Question

The force required to move a body up a rough inclined plane is double the force required to prevent the body from sliding down the plane. The coefficient of friction, when the angle of inclination of the plane is $60°$ is

• A. $\frac{1}{3}$
• B. $\frac{1}{\sqrt{2}}$
• C. $\frac{1}{\sqrt{3}}$
• D. $\frac{1}{2}$

Answer 1

The correct option is C

$\frac{1}{\sqrt{3}}$

Step 1: Given data

The angle of inclination of the plane$\left(\theta \right)$=$60°$

Step 2: Determine the acting frictional force

The formula to compute acting frictional force is as follows:

$F_f=\mu N\dots \dots \dots \dots \dots \dots \left(1\right)$

where $F_f$ is the force of friction, $\mu$ coefficient of friction, $N$ normal force

Step 3: Determine friction force when the motion is upward

Consider the following figure,

Force balance perpendicular to the surface of wedge,

$N=mg\cos 60°$

Substitute the known value of normal reaction in equation (1),

$$\begin{gathered} F_f=\mu mg\times \cos \left(60\right) \\ {F}_f=\frac{\mu mg}{2}\dots \dots \dots \dots \left(2\right) \end{gathered}$$

The motion is up so the friction force will act in the downward direction.

Let $F_u$ be the force required to move a body up a rough inclined plane

As we know that frictional force acts opposite to the direction of motion, balancing in the direction of motion,

Therefore, the net acting force is,

$$\begin{gathered} F_u=mg\sin \left(\theta \right)+F_f \\ {F}_u=mg\sin \left(60\right)+F_f \\ {F}_u=mg\sin \left(60\right)+\frac{\mu mg}{2} \\ {F}_u=mg\left(\frac{\sqrt{3}+\mu }{2}\right)\dots \dots \dots \dots \dots \dots \left(4\right) \end{gathered}$$

Step 4: Determine friction force when the motion is downward

Consider the following figure:

Let $F_d$ be the force required to prevent the body from sliding down the plane.

The motion is downward so the friction force will act upward direction.

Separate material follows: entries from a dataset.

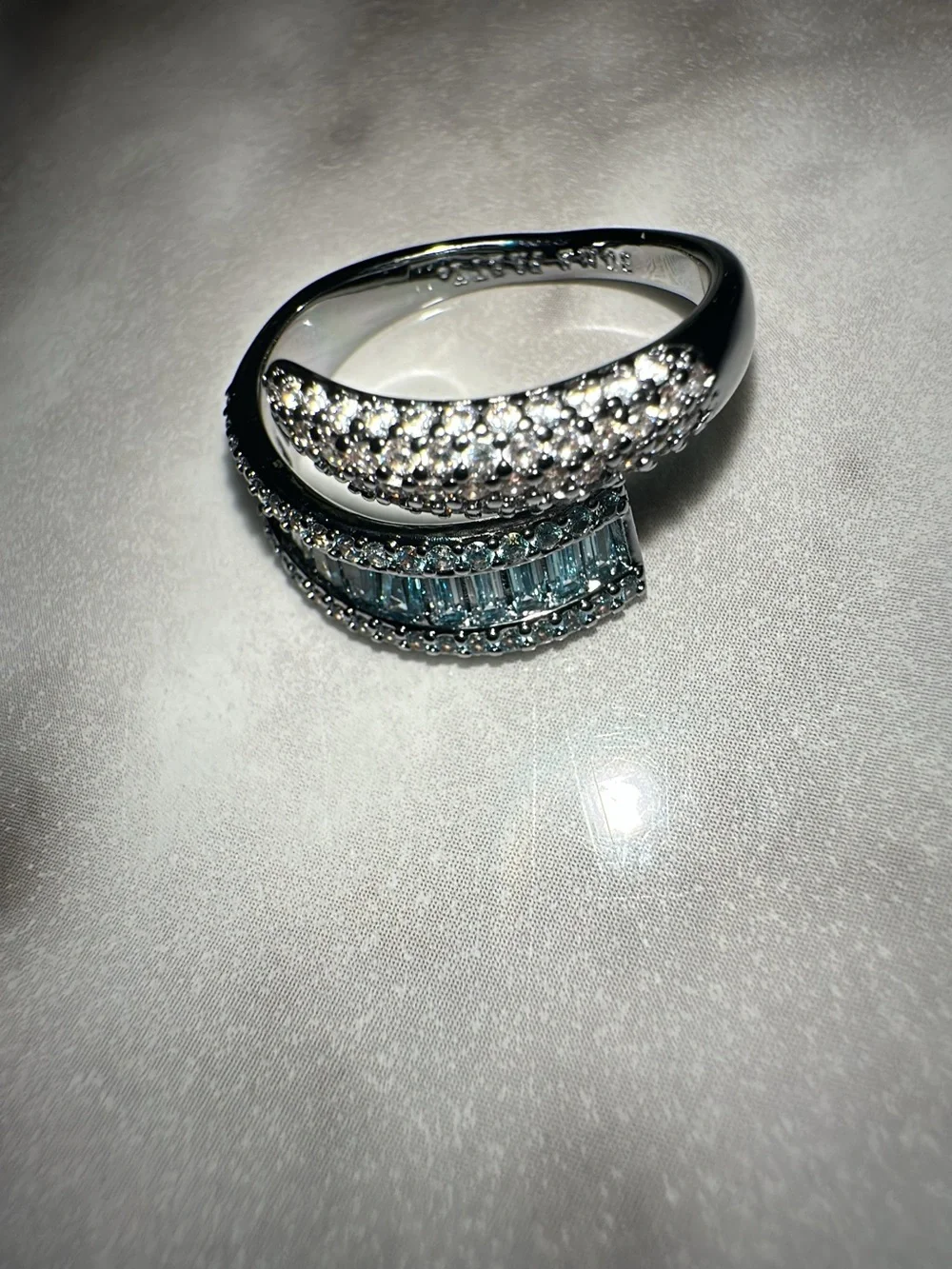 Bomb Party  Silver Blue Topaz & Cubic Zirconia Curved Ring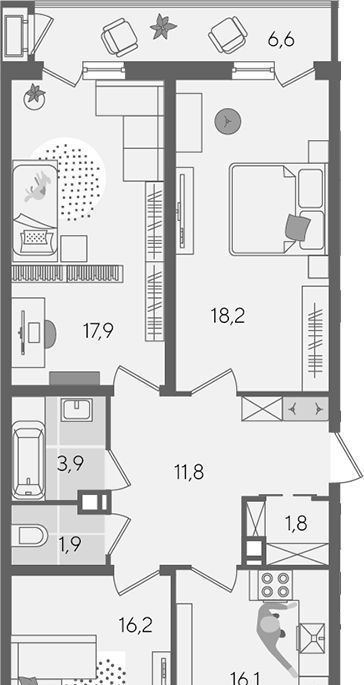 квартира г Краснодар р-н Карасунский ул Новороссийская 88 фото 1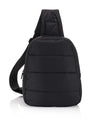 puffer crossbody backpack in black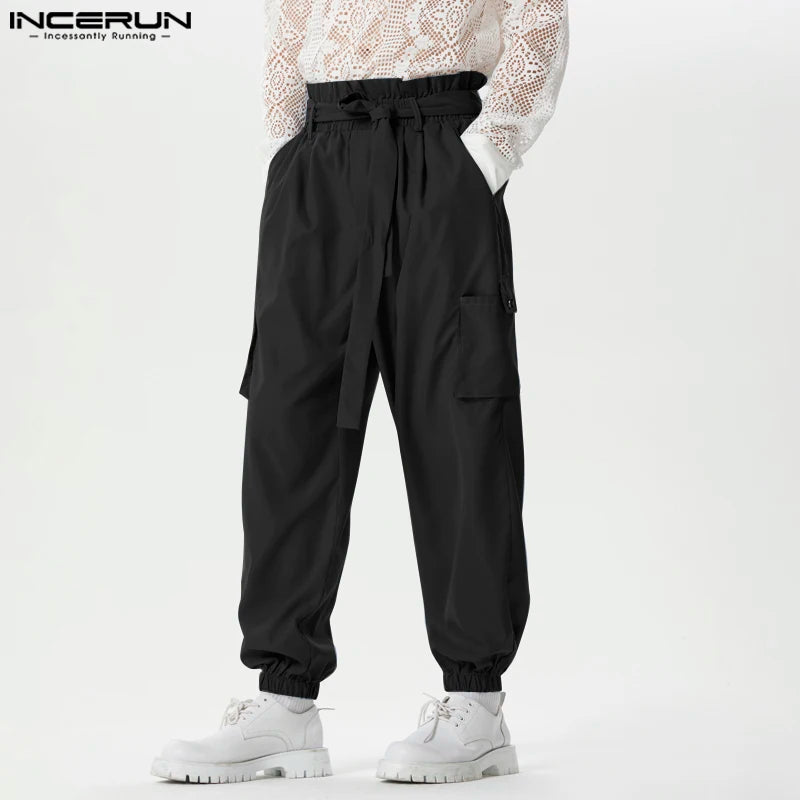 INCERUN 2024 American Style New Men Long Pants Strap Pocket Design Trousers Male Solid Simple Leisure Streetwear Pantalons S-5XL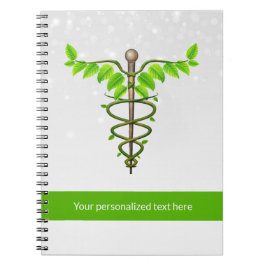 Alternative medizinische Caduceus grüne Blätter We Notizblock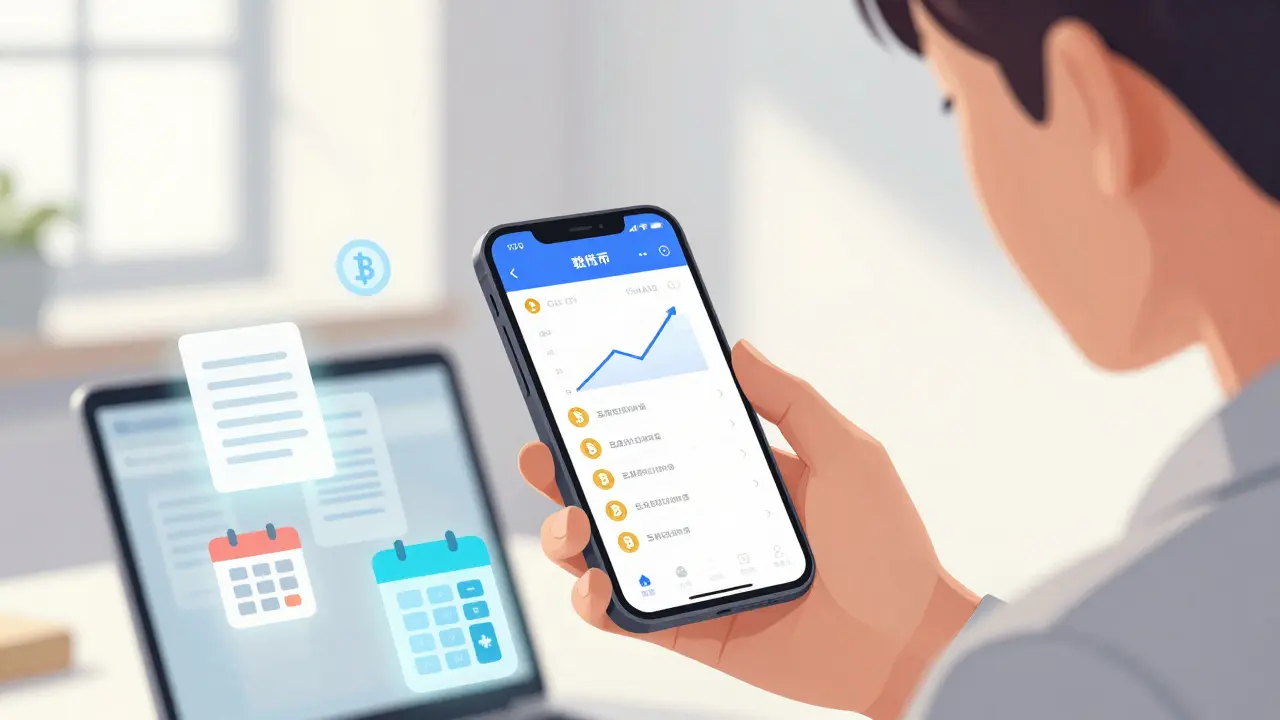 Anime user reviewing crypto wallet and tax records on a tablet in a bright room.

So, the net downward force is,

$$\begin{gathered} F_d=mg\sin \left(\theta \right)-F_f \\ {F}_d=mg\sin \left(60\right)-\frac{\mu mg}{2} \\ {F}_d=\frac{\sqrt{3}}{2}mg-\frac{\mu mg}{2} \\ {F}_d=\left(\frac{\sqrt{3}-\mu }{2}\right)mg\cdots \cdots \cdots \cdots \left(5\right) \end{gathered}$$

Step 5: Compute the coefficient of friction:

According to the problem, the force required to move a body up a rough inclined plane is double the force required to prevent the body from sliding down the plane. Therefore, $F_u=2F_d$. So,

From equation (4) and (5)-

$$\begin{gathered} F_u=2F_d \\ mg\left(\frac{\sqrt{3}+\mu }{2}\right)=2mg\left(\frac{\sqrt{3}-\mu }{2}\right) \\ \sqrt{3}+\mu =2\left(\sqrt{3}-\mu \right) \\ \sqrt{3}+\mu =2\sqrt{3}-2\mu \\ 3\mu =\sqrt{3} \\ \mu =\frac{\sqrt{3}}{3} \\ \mu =\frac{1}{\sqrt{3}} \end{gathered}$$

Thus when $\theta =60$, the coefficient of friction will be $\frac{1}{\sqrt{3}}$.

Hence, option C is the correct answer.